This data structure is present also in the situation, where m samples having the same underlying distribution are given. These samples may originate from several sources.

3 Empirical distribution functions

In this section we consider the empirical marginal distribution functions and their convergence properties. Let \({\tilde{n}}_{j}\) be the number of data items where the j-th component is present:

$$\begin{aligned} {\tilde{n}}_{j}=\sum _{\mu :1\le \mu \le m,j\in J_{\mu }}n_{\mu }. \end{aligned}$$

We introduce \({\bar{n}}_{\nu }\) to be the number of data items where at least the non-missing components of data subset \(\nu \) are present

$$\begin{aligned} {\bar{n}}_{\nu }=\sum _{\mu :1\le \mu \le m,{\textbf{b}}^{(\mu )}\ge {\textbf{b}} ^{(\nu )}}n_{\mu } \end{aligned}$$

The inequality \({\textbf{b}}^{(\mu )}\ge {\textbf{b}}^{(\nu )}\) means that data subset \(\mu \) has at least the non-missing components of data subset \(\nu \).

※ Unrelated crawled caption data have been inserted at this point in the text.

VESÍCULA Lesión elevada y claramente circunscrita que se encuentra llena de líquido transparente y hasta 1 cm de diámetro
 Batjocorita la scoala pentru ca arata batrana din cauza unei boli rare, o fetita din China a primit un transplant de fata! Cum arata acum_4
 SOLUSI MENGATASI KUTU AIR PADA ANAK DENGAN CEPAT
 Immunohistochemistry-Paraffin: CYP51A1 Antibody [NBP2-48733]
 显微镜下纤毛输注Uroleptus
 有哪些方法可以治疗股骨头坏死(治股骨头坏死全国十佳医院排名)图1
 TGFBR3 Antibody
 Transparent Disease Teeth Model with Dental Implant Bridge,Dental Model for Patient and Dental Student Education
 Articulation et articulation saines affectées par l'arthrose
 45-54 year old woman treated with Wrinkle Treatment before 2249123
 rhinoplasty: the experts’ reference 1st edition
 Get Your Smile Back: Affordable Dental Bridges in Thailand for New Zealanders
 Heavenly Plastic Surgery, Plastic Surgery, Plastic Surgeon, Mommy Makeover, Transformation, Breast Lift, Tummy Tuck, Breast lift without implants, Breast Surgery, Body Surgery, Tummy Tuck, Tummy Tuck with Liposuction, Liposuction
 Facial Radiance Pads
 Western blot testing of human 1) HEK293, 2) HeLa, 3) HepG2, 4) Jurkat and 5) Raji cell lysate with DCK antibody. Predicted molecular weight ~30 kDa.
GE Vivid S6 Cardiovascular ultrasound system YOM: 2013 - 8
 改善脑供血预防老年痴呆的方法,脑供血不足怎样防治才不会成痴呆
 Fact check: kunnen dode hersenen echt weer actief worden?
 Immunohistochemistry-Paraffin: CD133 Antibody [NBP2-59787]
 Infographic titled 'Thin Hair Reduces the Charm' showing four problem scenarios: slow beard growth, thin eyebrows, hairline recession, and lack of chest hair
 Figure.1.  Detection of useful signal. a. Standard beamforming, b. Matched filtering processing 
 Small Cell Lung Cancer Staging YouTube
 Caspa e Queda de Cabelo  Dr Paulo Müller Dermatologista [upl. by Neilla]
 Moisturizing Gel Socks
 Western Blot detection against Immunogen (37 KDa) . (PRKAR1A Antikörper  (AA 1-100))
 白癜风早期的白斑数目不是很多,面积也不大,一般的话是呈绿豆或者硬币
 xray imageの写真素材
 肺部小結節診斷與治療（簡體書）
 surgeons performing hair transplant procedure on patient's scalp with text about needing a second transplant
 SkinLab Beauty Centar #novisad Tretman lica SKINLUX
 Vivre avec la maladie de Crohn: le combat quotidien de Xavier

Notice that \({\bar{\psi }}_{j\mu }({\textbf{Y}}_{\mu i})\) and \(\psi _{\nu \mu }( {\textbf{Y}}_{\mu i})\) have the distribution functions \(F_{j}\) and \(H_{\nu }\), respectively. Next we consider estimators for the marginal distributions and the joint distribution functions:

$$\begin{aligned} {\hat{F}}_{nj}(z)= & {} \frac{1}{{\tilde{n}}_{j}}\sum _{\mu :1\le \mu \le m,j\in J_{\mu }}\sum _{i=1}^{n_{\mu }}{\textbf{1}}\left\{ {\bar{\psi }}_{j\mu }({\textbf{Y}} _{\mu i})\le z\right\} ,\\ {\hat{H}}_{n\nu }({\textbf{y}})= & {} \frac{1}{{\bar{n}}_{\nu }}\sum _{\mu :1\le \mu \le m,{\textbf{b}}^{(\mu )}\ge {\textbf{b}}^{(\nu )}}\sum _{i=1}^{n_{\mu }} {\textbf{1}}\left\{ \psi _{\nu \mu }({\textbf{Y}}_{\mu i})\le {\textbf{y}}\right\} \end{aligned}$$

for \(z\in {\mathbb {R}},{\textbf{y}}\in {\mathbb {R}}^{d_{\nu }},\nu =1,\ldots ,m\). We pose the following assumption on \(n_{\mu }\).

Assumption

\({\mathcal {A}}_{n}\): For \(\mu =1,\ldots ,m\),

$$\begin{aligned} \lim _{n\rightarrow \infty }\frac{n_{\mu }(n)}{n}=\gamma _{\mu } \end{aligned}$$

with constants \(\gamma _{\mu }\in (0,1]\). \(\square \)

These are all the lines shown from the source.